A couple can agree that the Property (Relationship) Act 1976 will apply when they separate, regardless of whether either partner is usually resident in New Zealand.
The partners can also agree that the law of a different country will apply. So if the partners had a dispute, a court in New Zealand would have to apply the law specified in the partners’ agreement.
But rules apply when the partners want to choose the law of another country.
- The couple must enter the agreement at the start of the relationship. If they enter the agreement later, it will not be valid.
- The agreement must clearly state what country’s law will apply.
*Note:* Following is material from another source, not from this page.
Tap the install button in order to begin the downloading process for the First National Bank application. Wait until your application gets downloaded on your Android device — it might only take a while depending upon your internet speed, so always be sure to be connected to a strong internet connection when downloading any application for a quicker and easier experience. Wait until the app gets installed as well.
It is not enough simply to say that New Zealand law will not apply.
- The agreement must also be in writing and be valid according to the law of the country the partners have chosen.
- The foreign law cannot be contrary to justice or public policy in the view of the New Zealand courts (for example, an agreement that left one partner with no property at all).
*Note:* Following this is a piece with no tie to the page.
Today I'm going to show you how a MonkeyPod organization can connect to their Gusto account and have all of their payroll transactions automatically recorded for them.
What are the problems with the law?
Sometimes a couple might think they have agreed that a different law will apply. But if the agreement does not comply with the rules it will be invalid. The partners may then have to divide their property in a way that neither partner intended.
That may mean the rules should be less strict.
For example, a couple should be able to make an agreement at any point in their relationship, not just at the start.
If the partners did not state which law was to apply to their agreement, it might be better to try work out which country’s law the partners expected would apply to their agreement rather than apply New Zealand law.